Exponentiële verbanden > Exponentiële groei
123456Exponentiële groei

Verwerken

Opgave 9

De oppervlakte die door een snelgroeiende waterplant wordt bedekt neemt elke dag met 50% toe.

a

Met welk getal moet je de oppervlakte vermenigvuldigen als je de oppervlakte wilt weten die de waterplant morgen zal bedekken?

b

Neemt de oppervlakte van de waterplant in twee dagen met 100% toe? Of met een ander percentage? Leg uit.

c

Is hier sprake van exponentiële groei? Leg uit.

Opgave 10

Iemand koopt aandelen ter waarde van 4000 euro.
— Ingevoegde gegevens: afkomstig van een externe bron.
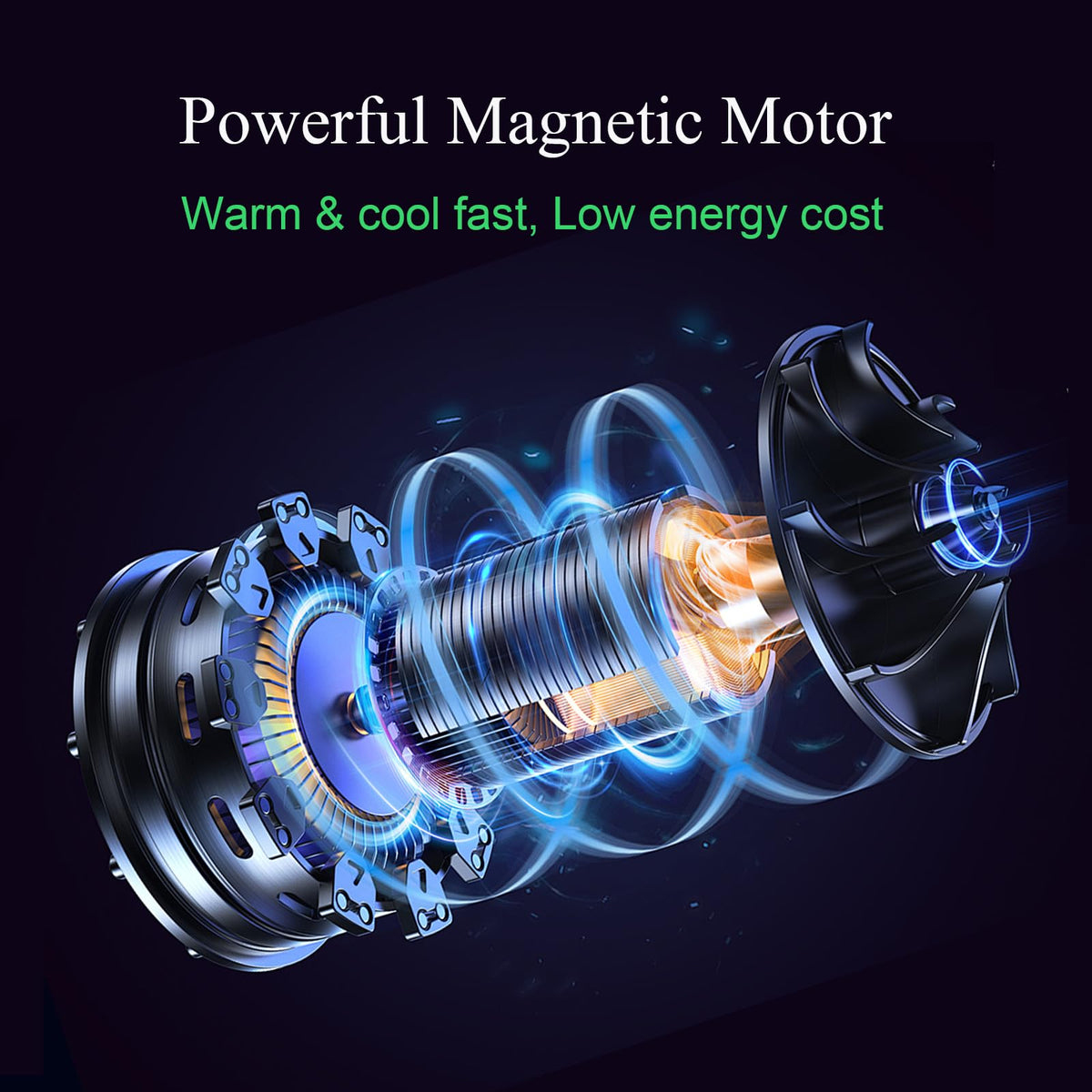 Bladeless Heater and Fan Combo, All the Season, 80° Oscillating with Remote and Touch Control, 8H Timer, 24 Inch, Floor Fan for Indoor Use, Large Room, Silver White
De aandelen nemen gedurende de eerste vier jaar elk jaar 11% in waarde toe.

a

Bereken de waarde van de aandelen na één jaar en na twee jaar.

b

Hoeveel bedraagt de groeifactor van de waarde van de aandelen?

c

Hoe kun je met behulp van de waarde na twee jaar de waarde na drie jaar berekenen?

d

De waarde na vier jaar is € 6072,28. Hoe kun je hieruit met behulp van de groeifactor de waarde na drie jaar berekenen?

e

In het zesde jaar stijgt de waarde van de aandelen van € 6740,23 naar € 7279,45. Met hoeveel procent is de waarde van de aandelen in het zesde jaar toegenomen? Wat is nu de groeifactor?

Opgave 11

In het jaar 2000 zijn er in een natuurgebied 5000 herten. Uit tellingen is gebleken dat dit aantal met 4% per jaar daalt.

a

Stel een formule op voor de "groei" van het aantal herten vanaf het jaar 2000.

b

Bereken het aantal herten in het jaar 2010.

c

In welk jaar is het aantal herten voor het eerst gehalveerd?

Opgave 12

Een kapitaal van € 10000 wordt gedurende 10 jaar belegd in aandelen. In de tabel zie je de groei van het kapitaal in de eerste 6 jaar.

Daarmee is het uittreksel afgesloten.